━━━━━ RECORDS FOR PROCESSING ━━━━━

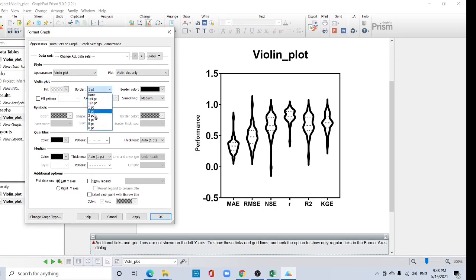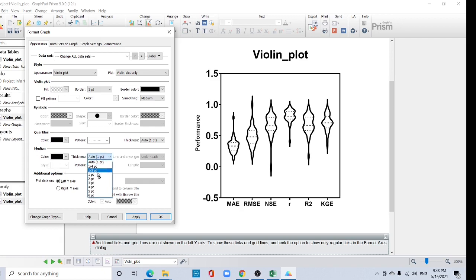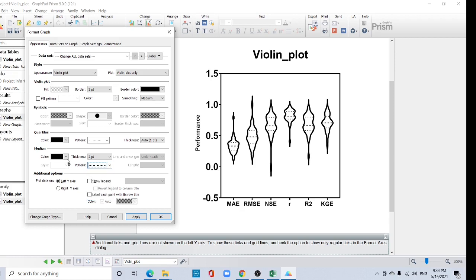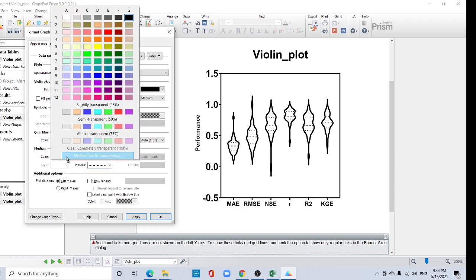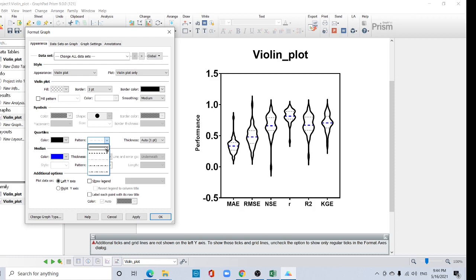Then you can change the color also by clicking this. I want to change the median thickness to two and also I want to change the color. Okay. Here the quartile option, you can change the quartile. Okay.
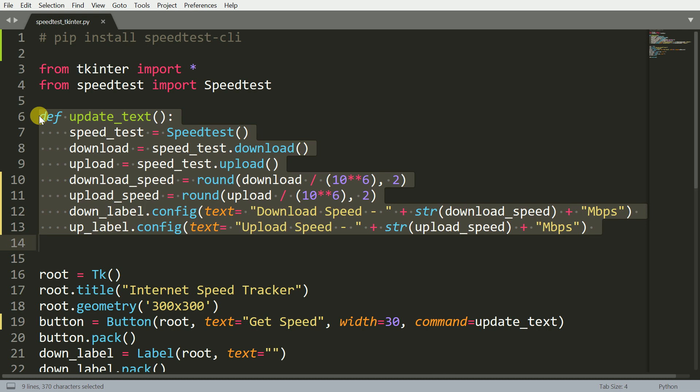Once you create an instance, you can call the download and the upload function to find out the download speed as well as the upload speed. Both outputs that are given are not in the format that we are very used to reading. We want it in the form of megabytes per second. That is why I divide it by a large value which is 10 to the power 6, and I take the rounded off value and store it into a variable called download_speed as well as upload_speed.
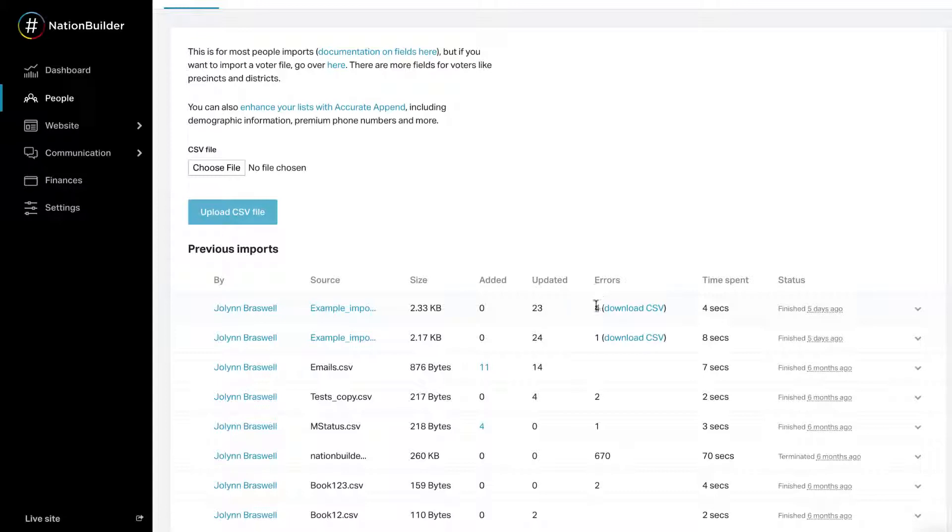Errors: Number of errors detected in the import. Click on Download CSV to view the error file. The CSV error file will only contain the first two megabytes of errors. The last field in each record will contain the error logged. Time spent: Amount of time spent importing the file. Status: When the import finished in relative time or the current status of a queued or working import.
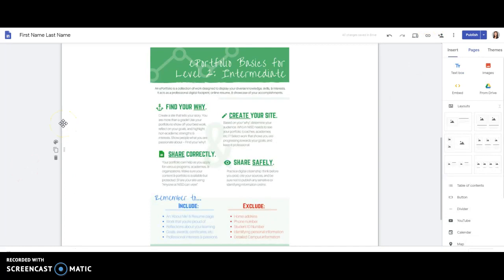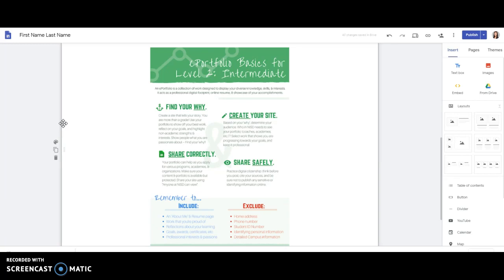As you share your site, it's important to remember what to include and what to exclude from your ePortfolio. You'll definitely want to include the work that you're proud of, reflections, goals, awards, professional interest, even information about yourself, but you don't want to include specifics such as home address, phone number, student ID number, or any personal information. You'll want to stay away from including maps such as a map to your school or to your house. These are just best practices when it comes to digital citizenship and protecting your privacy.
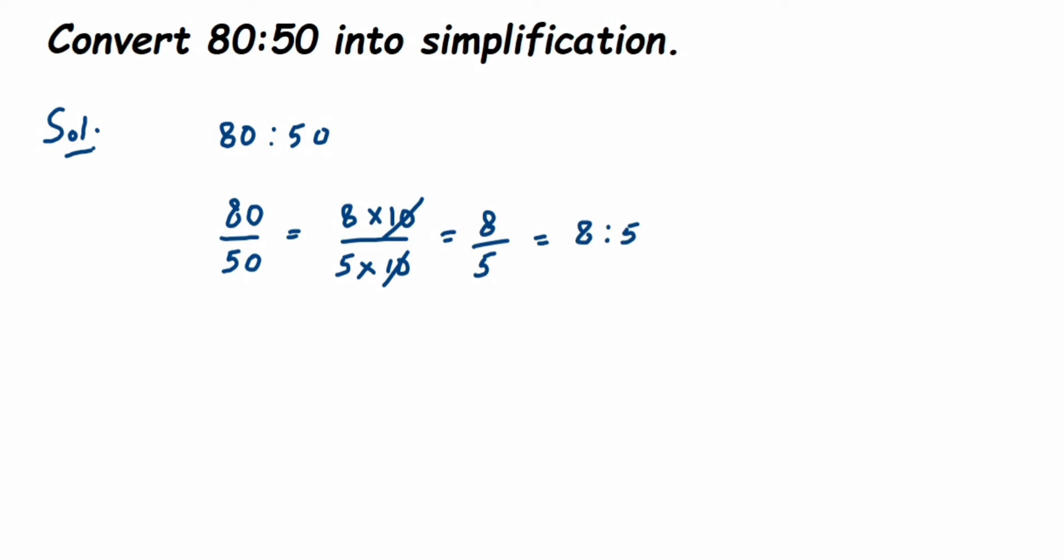You can either cancel using the 10 table (10×8 = 80 and 10×5 = 50), or just simply cancel the zeros. Any method will give the same result: 8:5.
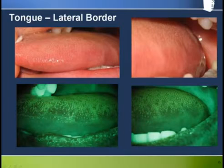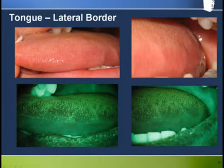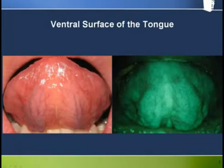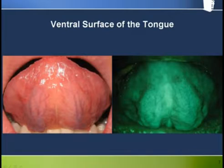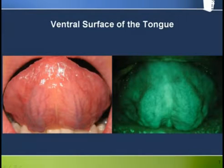The tongue lateral border proper looks quite bright and unremarkable. This is a nice view of the ventral surface of the tongue, again presenting as generally bright. Nothing of much concern here.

━━━━━

> WHAT YOU ARE ASKED TO DO: Your copy should hold the lines from the one with "Once you create" up to and including the one with "Errors: Number of", exactly as in the data above, and no pictures.

> SOLUTION TO THIS PROBLEM:
Once you create an instance, you can call the download and the upload function to find out the download speed as well as the upload speed. Both outputs that are given are not in the format that we are very used to reading. We want it in the form of megabytes per second. That is why I divide it by a large value which is 10 to the power 6, and I take the rounded off value and store it into a variable called download_speed as well as upload_speed.
Errors: Number of errors detected in the import. Click on Download CSV to view the error file. The CSV error file will only contain the first two megabytes of errors. The last field in each record will contain the error logged. Time spent: Amount of time spent importing the file. Status: When the import finished in relative time or the current status of a queued or working import.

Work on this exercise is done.